**What you should do:** Reproduce every record below word for word and include no pictures.

Caption-style text data:
------------------------------------

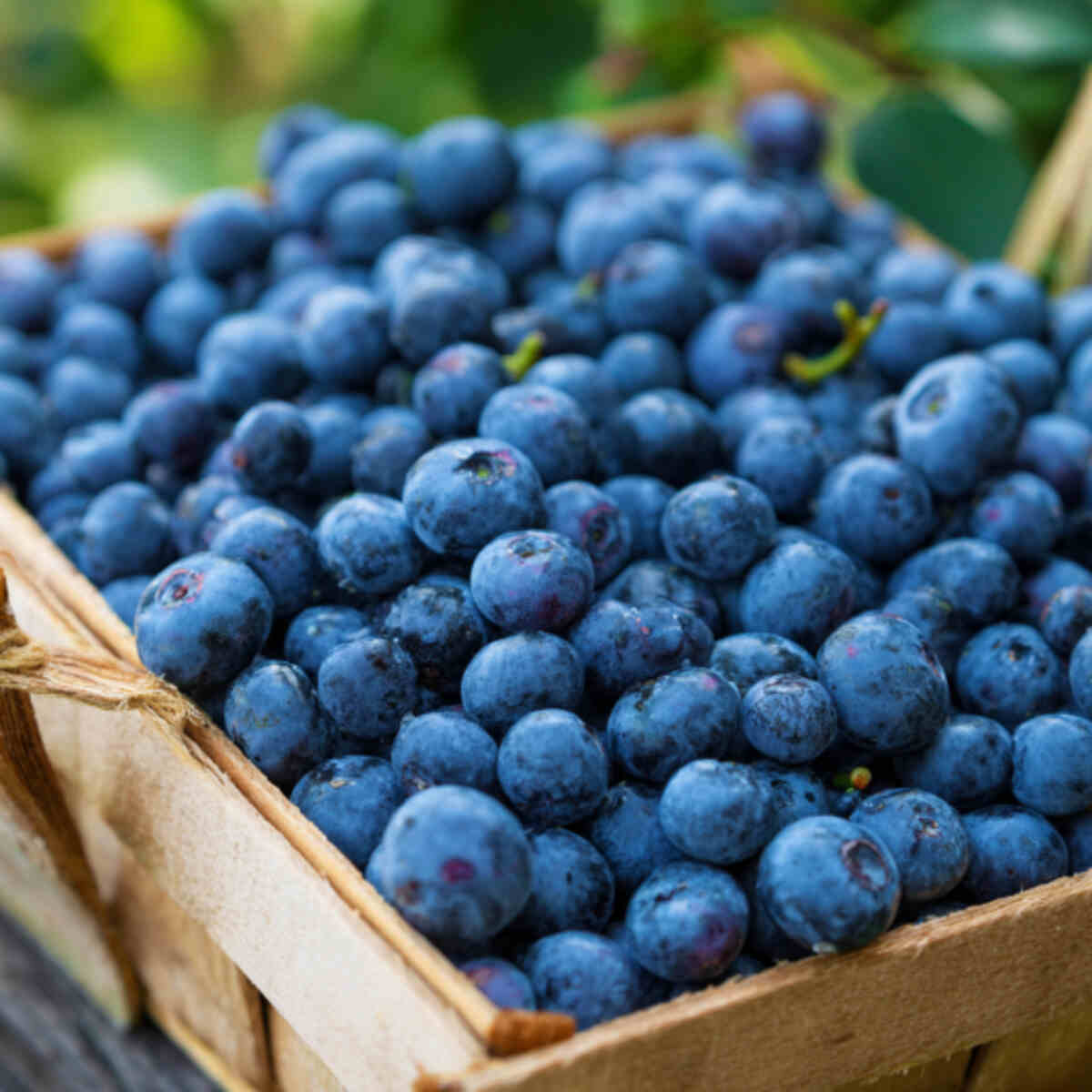 Blueberries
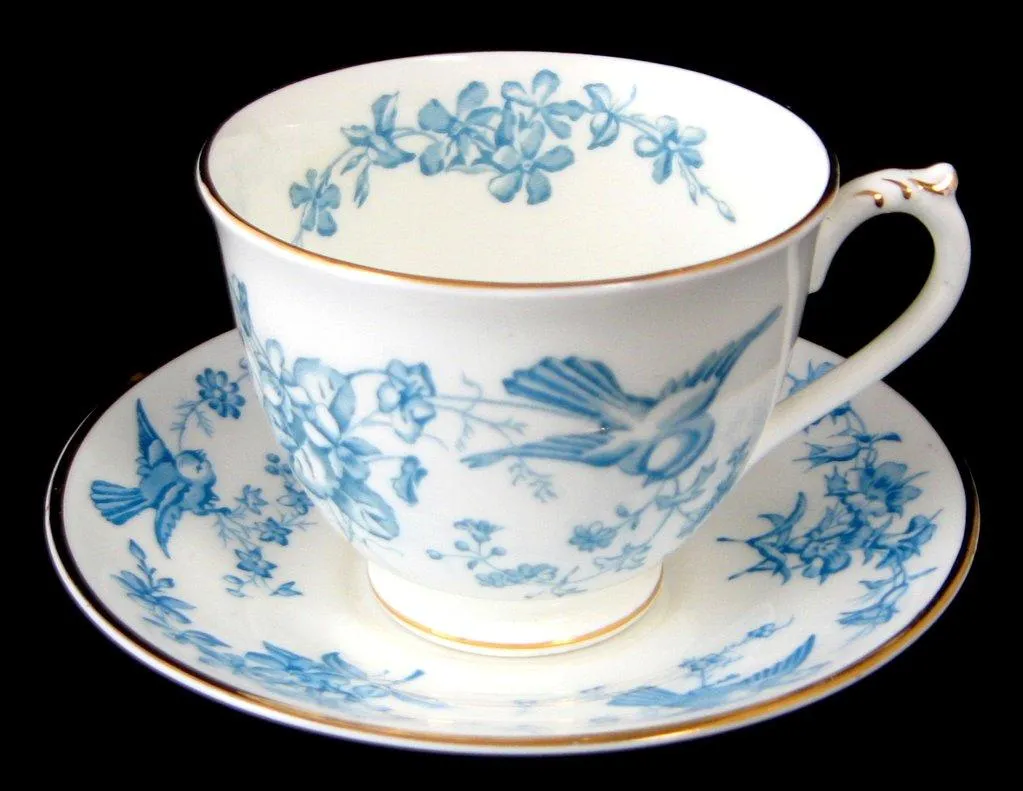 George Jones Blue Bird Cup And Saucer Swansea Rare 1920s Blue Transfer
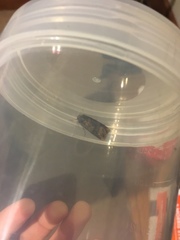 Agrotis ipsilon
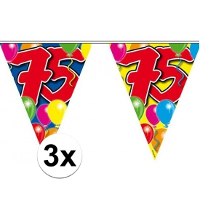 Leeftijd vlaggenlijn 75 jaar   3x   10 meter   plastic   75e verjaardag slinger   vlaggetjes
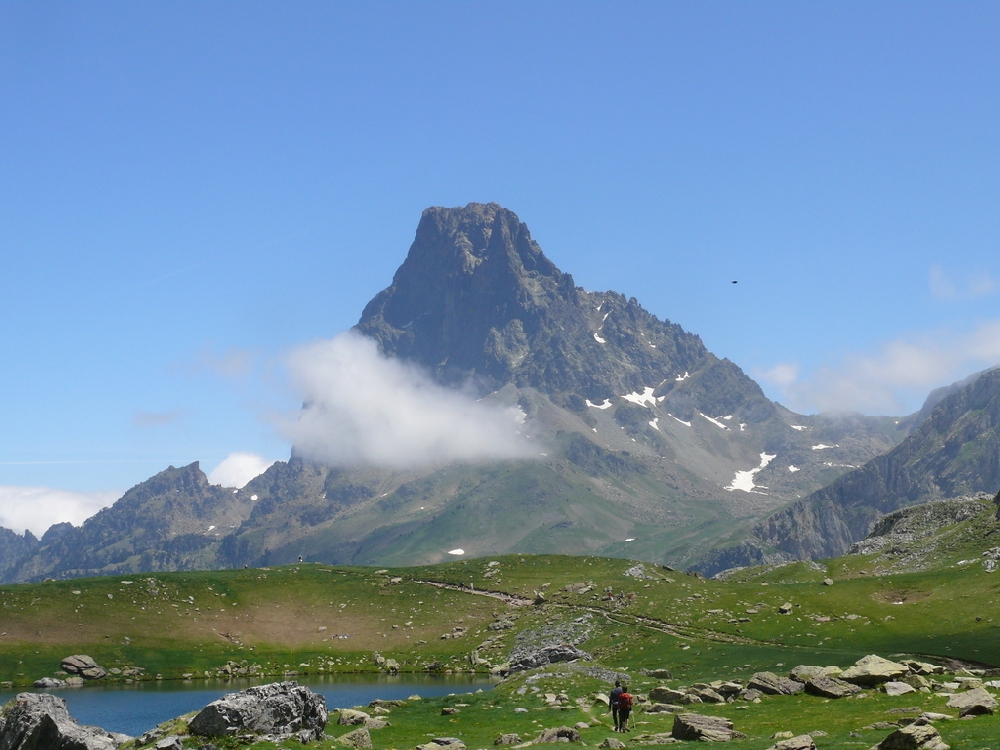 Flore des Pyrénées au lac d'Ayous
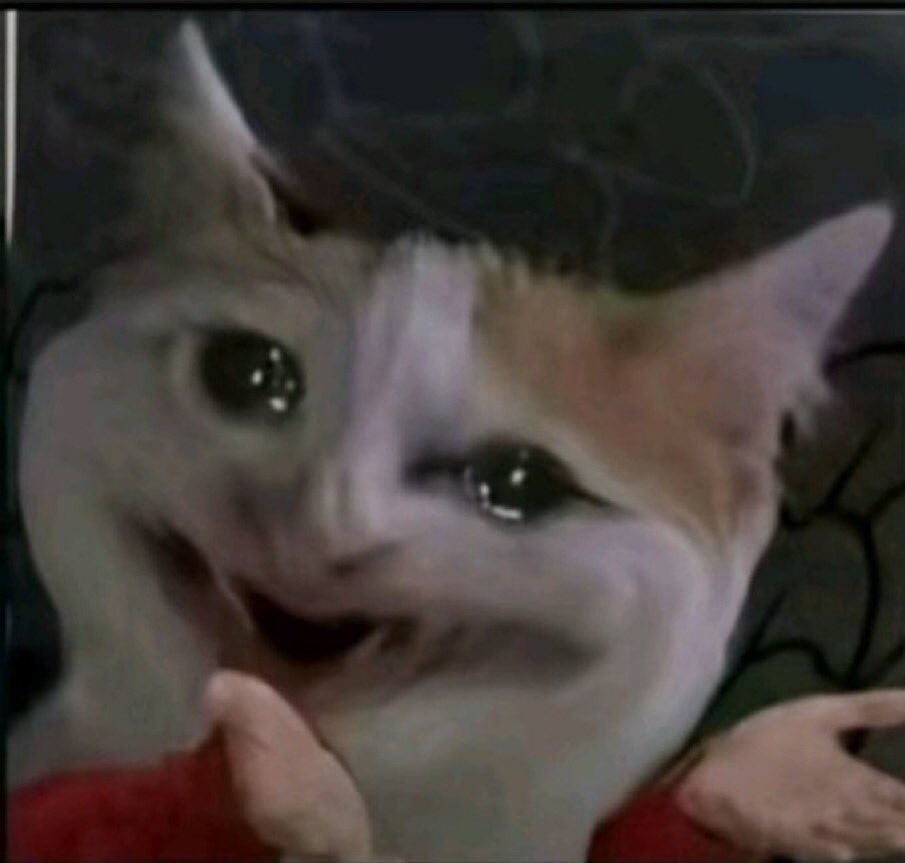 Chioma 🇺🇬 tweet media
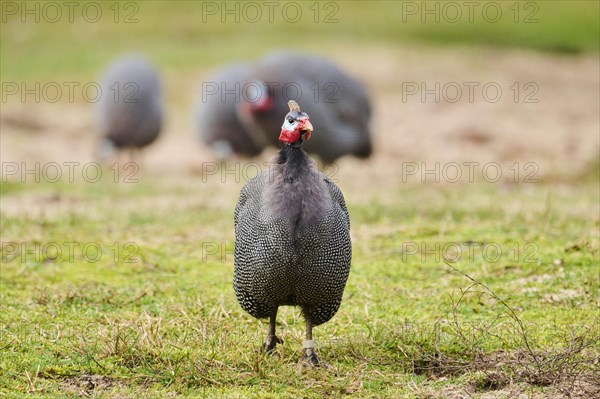 Helmeted guineafowl (Numida meleagris) on a meadow, Bavaria, Germany, Europe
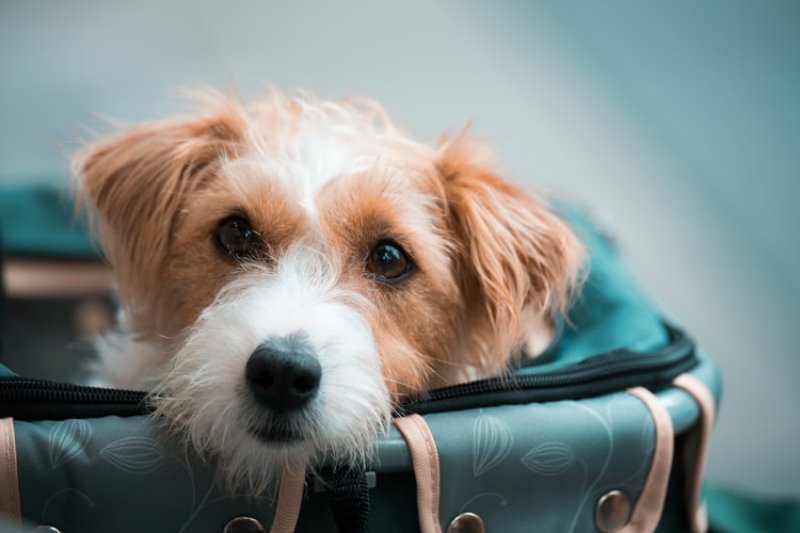 hundetasche-mit-hund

------------------------------------

**Task output:**
 Blueberries
 George Jones Blue Bird Cup And Saucer Swansea Rare 1920s Blue Transfer
 Agrotis ipsilon
 Leeftijd vlaggenlijn 75 jaar   3x   10 meter   plastic   75e verjaardag slinger   vlaggetjes
 Flore des Pyrénées au lac d'Ayous
 Chioma 🇺🇬 tweet media
 Helmeted guineafowl (Numida meleagris) on a meadow, Bavaria, Germany, Europe
 hundetasche-mit-hund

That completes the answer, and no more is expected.